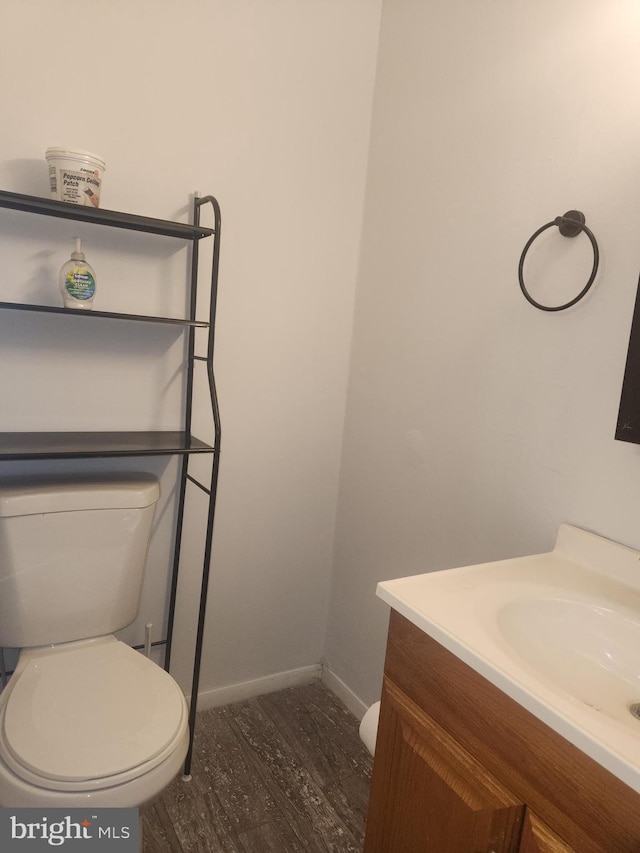 half bath featuring vanity, toilet, wood finished floors, and baseboards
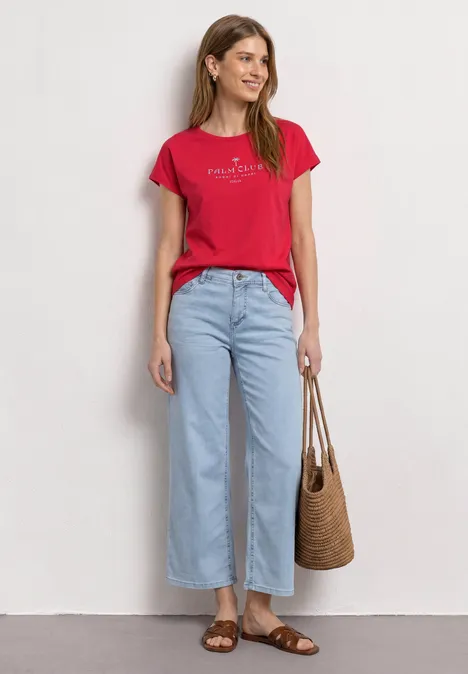 Dropped Shoulder Shirt mit Wording salsa red Eine Frau in rotem T-Shirt, hellblauen Jeans, Sandalen und Korbtasche vor weißer Wand.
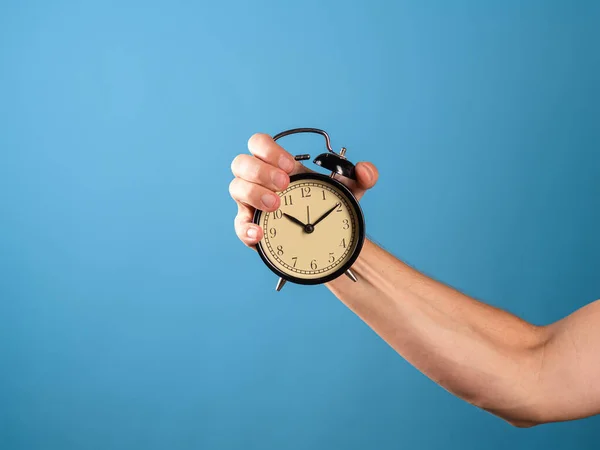Pospěš si, je čas jednat, koncepce. A man hand holds a vintage alarm clock, — Stock fotografie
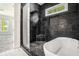 Sleek bathroom features a glass shower, tub, and natural light at 4276 Lindsey Ne Way, Roswell, GA 30075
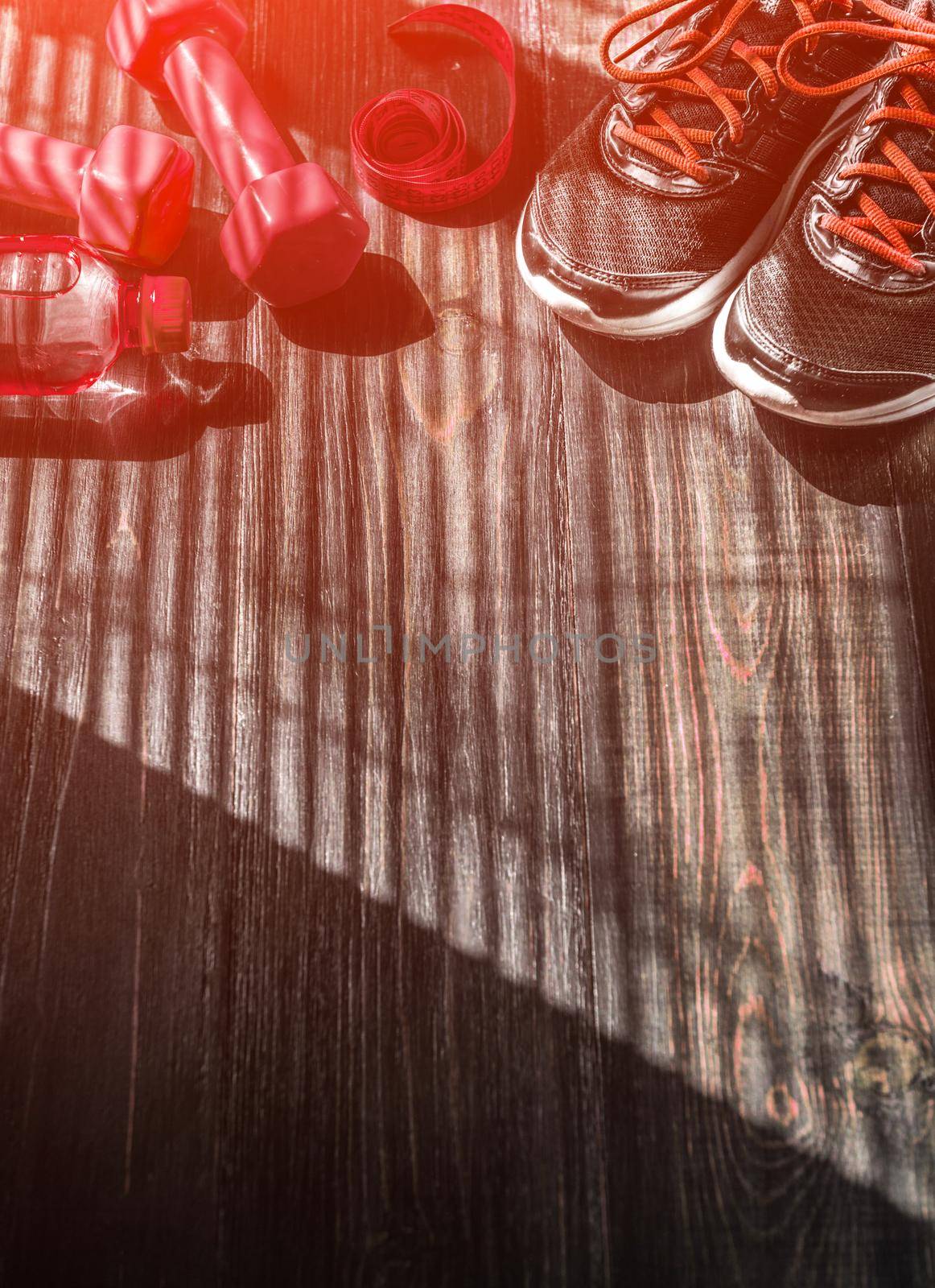 Sneakers dumbbells and a bottle of water. Flat view. All in one color. by vvmich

Task item:
Could you transcribe exactly the lines from the one with "Dropped Shoulder Shirt" through the end of the data, both ends included, and nothing else, skipping the pictures?

Answer section:
 Dropped Shoulder Shirt mit Wording salsa red Eine Frau in rotem T-Shirt, hellblauen Jeans, Sandalen und Korbtasche vor weißer Wand.
Pospěš si, je čas jednat, koncepce. A man hand holds a vintage alarm clock, — Stock fotografie
 Sleek bathroom features a glass shower, tub, and natural light at 4276 Lindsey Ne Way, Roswell, GA 30075
 Sneakers dumbbells and a bottle of water. Flat view. All in one color. by vvmich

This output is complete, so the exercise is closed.